When younger I did have Japanese-American friends, especially when we lived in the city, but after we moved to the suburbs, I gradually began to move away from the two Japanese-American brothers in the neighborhood and avoided any other friendships with other Asian Americans. The one other Japanese-American boy in my classes was a definite nerd; so was the one Chinese-American boy. Who would want to be associated with them? Other than Asians, there were no other people of color at my schools. In my teens, some fellow students expected me to look toward the few Asian-American girls at our school. I resented this and desired just the opposite. It seemed to me a compliment when white friends would say, "I think of you, David, just like a white person." That was exactly how I wanted them to think of me---as if there were no differences between us.
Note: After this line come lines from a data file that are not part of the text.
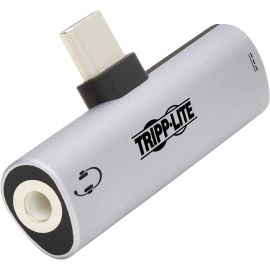 Tripp Lite by Eaton USB-C to 3.5 mm Headphone Jack Adapter for Hi-Res Stereo Audio - PD 3.0 and QC 2.0 Charging, Silver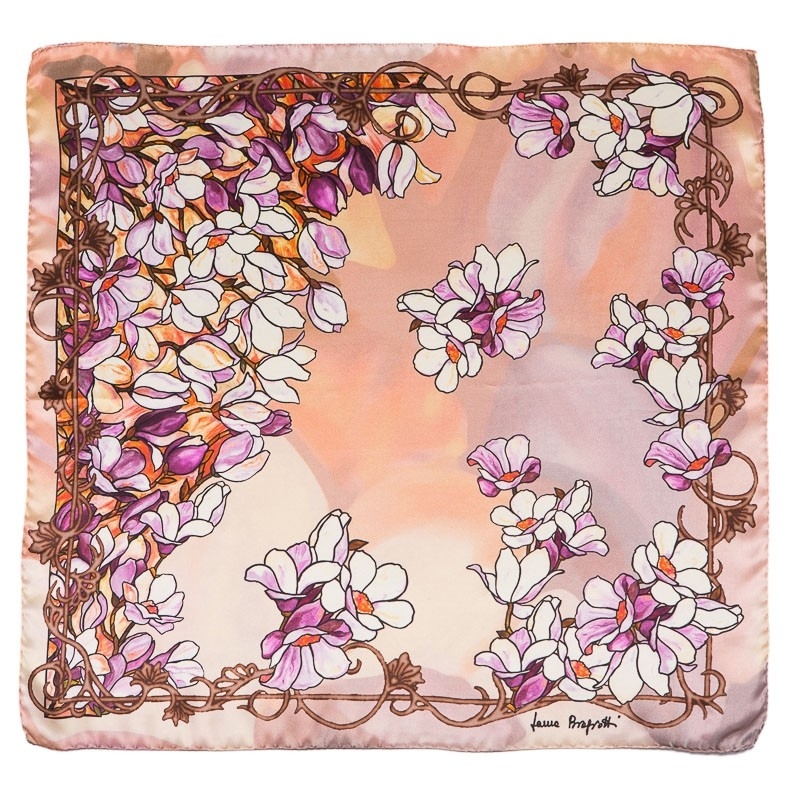 Silk Scarf Laura Biagiotti purple flowers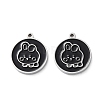 304 Stainless Steel Black Enamel Charms STAS-M102-17P-03-1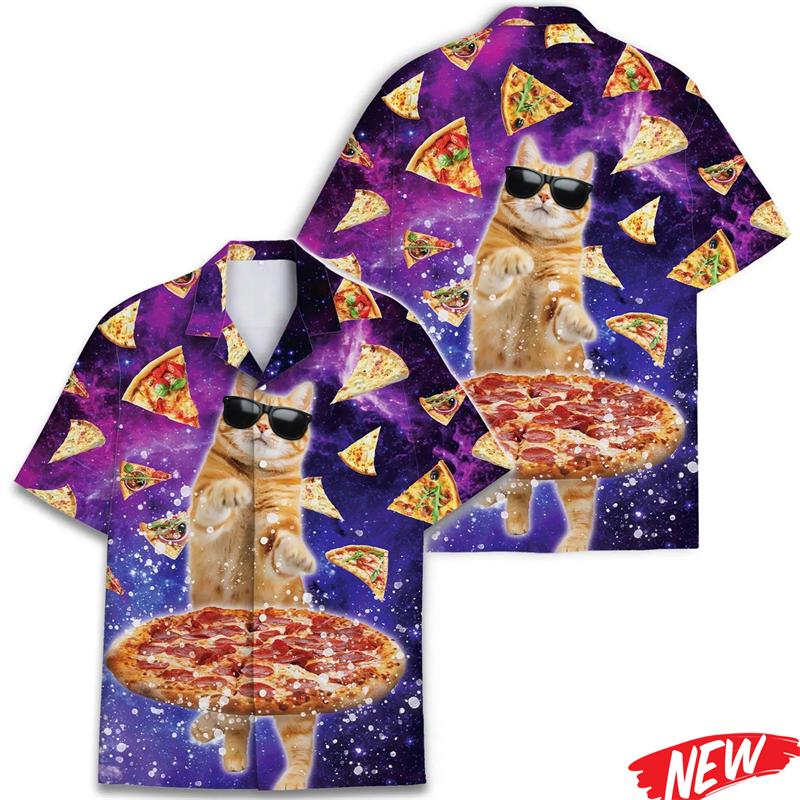 Funny pizza Cat Pattern Hawaiian Shirt For Men 3d Printed Animal Shirts Summer Beach Casual Short Sleeve Street Lapel Blouse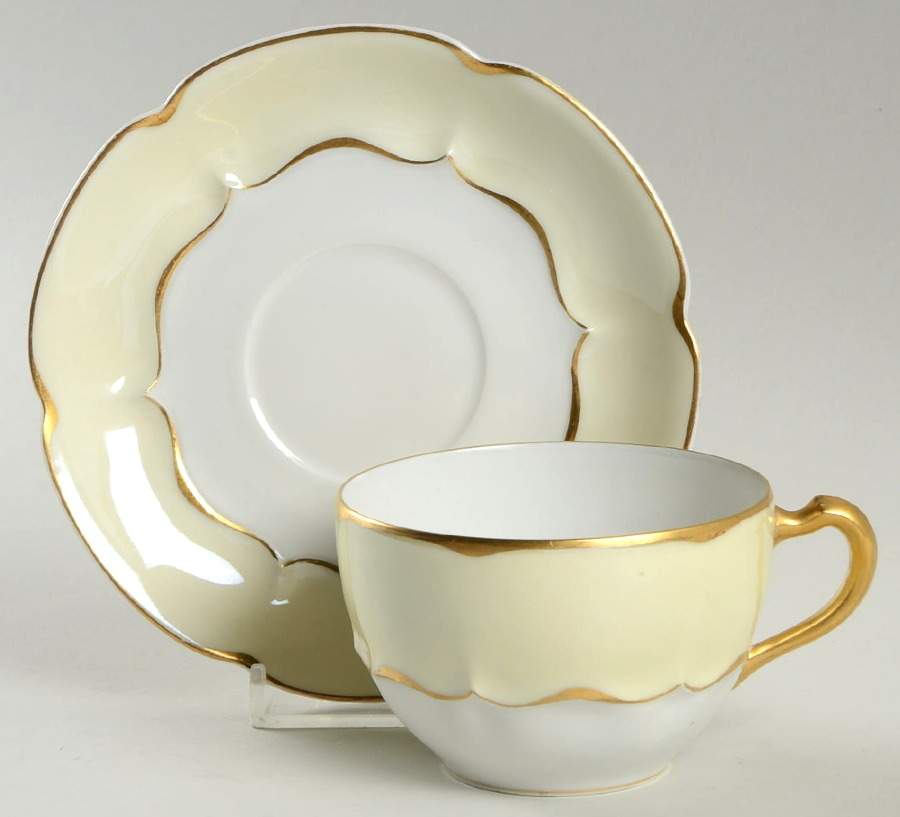 Marlborough (Cream Rim) Flat Cup & Saucer Set by Haviland-1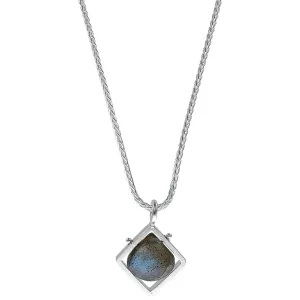 Ashka Dymel Iridescent Labradorite Cube Necklace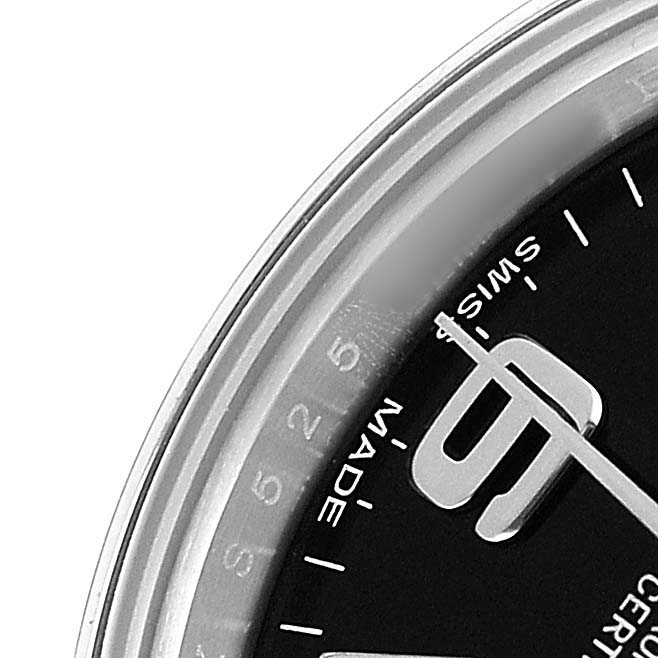 The image shows a close-up of the dial portion of the Rolex Oyster Perpetual 176200 Men's Stainless Steel Black Dial, highlighting the hands and markings.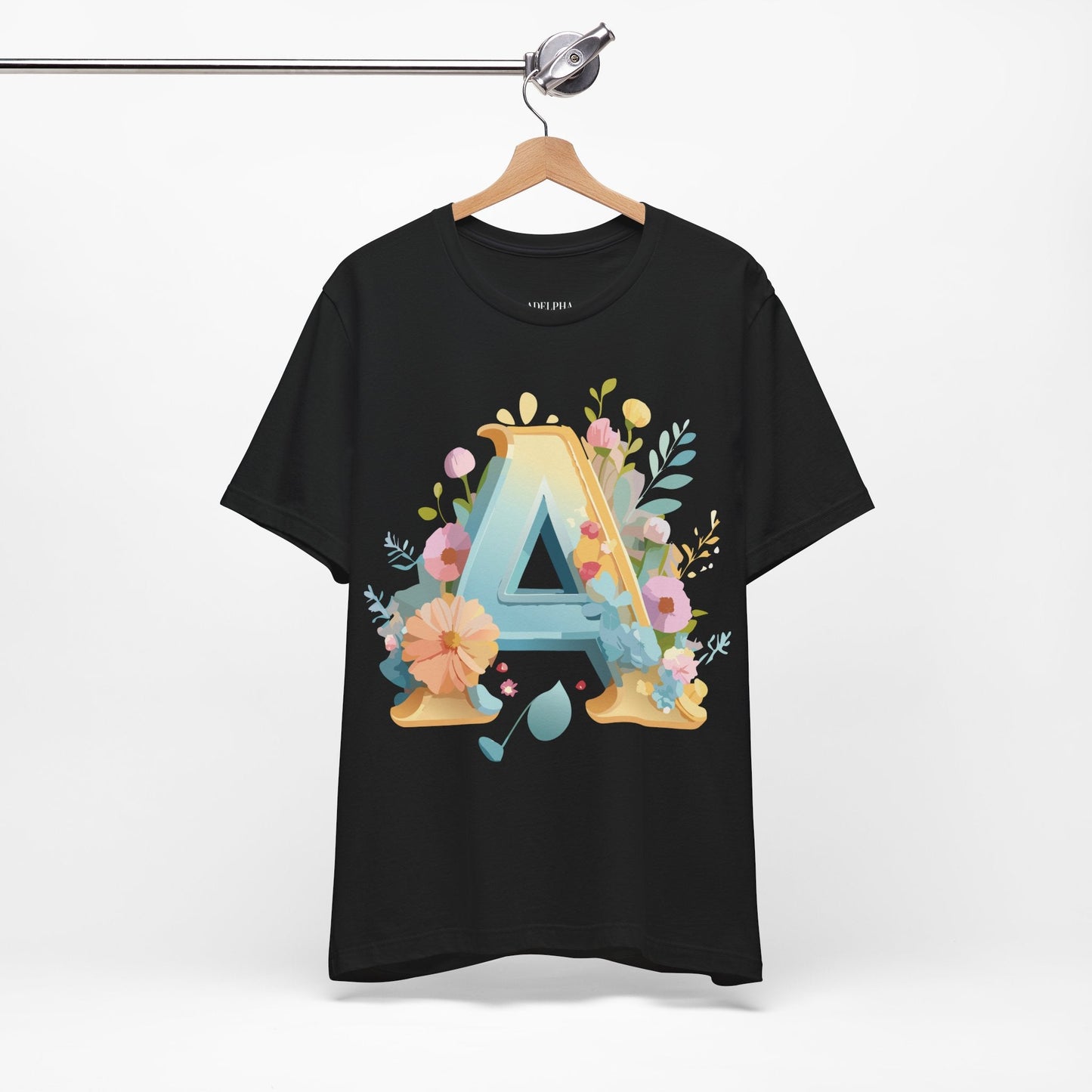 Letter A Shirt Graphic Tee Unisex Jersey Short Sleeve Adelpha Vintage Inspired Art Design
Given those early exchanges, I could say, Yes, interracial friendships with whites are possible. Certainly they are possible if the person of color thinks of himself as white or desires to be thought of as white-that is, if the person of color forces from his consciousness the differences in his experience of race or how he might view himself differently from his white friend. Such friendships are also possible if race is never discussed as part of the relationship (some interracial marriages even function in this way). In such instances, the person of color might be aware of differences and difficulties due to racial issues, but remains silent about them. Instead, the person of color suppresses his true feelings and presents a version of himself he thinks will please, or at least not trouble, the white friend.
Under such conditions, friendship is possible. But we might ask then: What kind of friendship is that?
Furthermore, what happens if the person of color begins to become conscious of his identity in a way that takes into account his experiences of race?
Finally, how are interracial friendships between people of color different from those between people of color and whites?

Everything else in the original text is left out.